Really equal? Naturally!
January 3rd, 2010You have a set of 2N+1 natural numbers, with the following property: if you remove any one element, you can partition the remaining 2N elements into two sets A and B, each of size N, such that the sum of the N numbers in set A equals the sum of the N numbers in set B. Prove that all the numbers in the original set are equal.
Try to solve the riddle in the more general case, where the numbers are not necessarily natural, but arbitrary reals (some knowledge of algebra is helpful here).
January 3rd, 2010 at 4:47 pm
Solution:
Denote the set by S.
For Naturals:
First, lets notice that if S has the property, so does tS for every scalar t. Also, S+t has the property, because each partition is into two sets of equal size N.
Second, we notice that for every element x in S, sum(S-x) = sum(A) + sum(B) = 2 * sum(A) and it’s an even number.
Therefore, sum(S) is even iff x is even - which is correct for every element x. Therefore all elements of S has the same parity.
Now, first we take S and subtract min(S) from it. it will still have the property, still be all natural numbers, and now has a 0 element.

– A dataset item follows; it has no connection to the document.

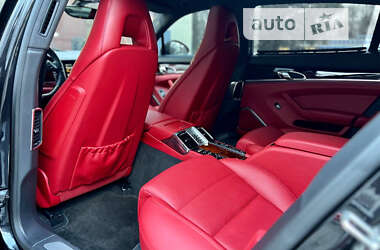 Фастбэк Porsche Panamera 2013 в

Since 0 is even, all elements are even, and so we can divide by 2 - again and again. if not all elements were 0, sometime, one of them will become odd, and this is a contradiction.
Therefore, they were all 0 - so all of S elements were equal.
For Integers:
Simply subtract min(S), and now all of S’s elements are non-negatives and integers.
For Rationals:
Simply multiply S by LCM(denominators of S) - now they’re all integers.
For Reals and Complex:
Since Q is a field, and we know that every set of rational numbers that have the property are all equal, we can write the following:
Let M be a 2N+1 x 2N+1 matrix, such that - the main diagonal is all 0’s. every Row has exactly N 1’s and N (-1)’s.
Then the dimension of the Nullspace of this matrix is 1: only vectors of type (x,x,x…,x)
So Rank(M) = 2N
but if Rank(M) = 2N in Q, it’s also the rank of the matrix in any other superfield of Q, such as R and C.
So the only vectors in the nullspace of this matrix are (x,…,x) in those fields too.
January 3rd, 2010 at 5:34 pm
Nadav,
Good solution. In the last part (the proof for the reals/complex) you use an assertion (without proof) that the rank is the same over Q and over R. The assertion is of course true (I prove it below for other readers). But then the construction of the matrix is not necessary and a more elegant solution exists (again, see below).
The Missing Proof that the Rank Does not Change:
Let T be a set of m vectors from Qn, independent over Q. Then T is also independent over R. Otherwise, let a1,…,am (in R) be the non-trivial coefficients than make the sum 0. Let e1,…,ek be a basis for the extension field Q(a1,…,am). Then in at least one coordinate, we have a non-trivial sum over Q that is 0. Contradiction.
A More Elegant Solution (no need to talk about matrices):
Let S be our set of reals. As S is finite, take a finite-degree extension field of Q that contains all the elements of S. Take a basis, e1,…,en of this extension field. Now, our property holds for S i.f.f. it holds for the projection of the elements of S onto each of the coordinates defined by e1 and en, and it does hold for each coordinate, as it holds for Q.
January 3rd, 2010 at 10:46 pm
Seems to me that you’re forcing field extensions on what could be done with elementary-er linear algebra (not that there’s anything wrong with field extensions).
A More Elementary Proof that the Rank Does not Change:
The rank of the matrix can be defined as the maximal number K, such that there exists a K x K on minor which is non singular. Clearly, singularity does not change when the field is extended, as it can be defined over any field as “Determinant = 0″, and the determinant does not change. Thus the rank does not change either.
Good to see you updating again!
January 4th, 2010 at 10:51 am
Dan,
Great to hear from you!
I agree that with the matrix-solution field extensions are a little overkill (although I still like it better). I wrote it like that so as to use the same argument as in the more elegant matrix-less solution. I think that the matrix-less solution with the field extension is definitely more elegant.
And I will indeed start to update again, I have tons of new stuff to post…
January 9th, 2010 at 1:05 am
Hah, I was trying to prove that the rank of the matrix is 2N all day, because I proceeded directly to the general case… This was quite an unpleasant experience I can assure you
But the problem was worth it.
January 11th, 2010 at 12:53 am
Good one.
My solution to the private case is quite similar to Nadav’s, but much less elegant, so I’ll avoid writing it over here.
I still try to understand the solution to the general case (it’s been a few years since my last encounter with extension fields).
Is there a set of naturals, not all equal, that exhibit this behavior when for each division set A doesn’t need to be the same size as set B?
January 11th, 2010 at 10:22 am
Hi Rouli,
If you drop the condition that the two sets have equal size then the claim is no longer true. Take the set {1,1,1,3,3}.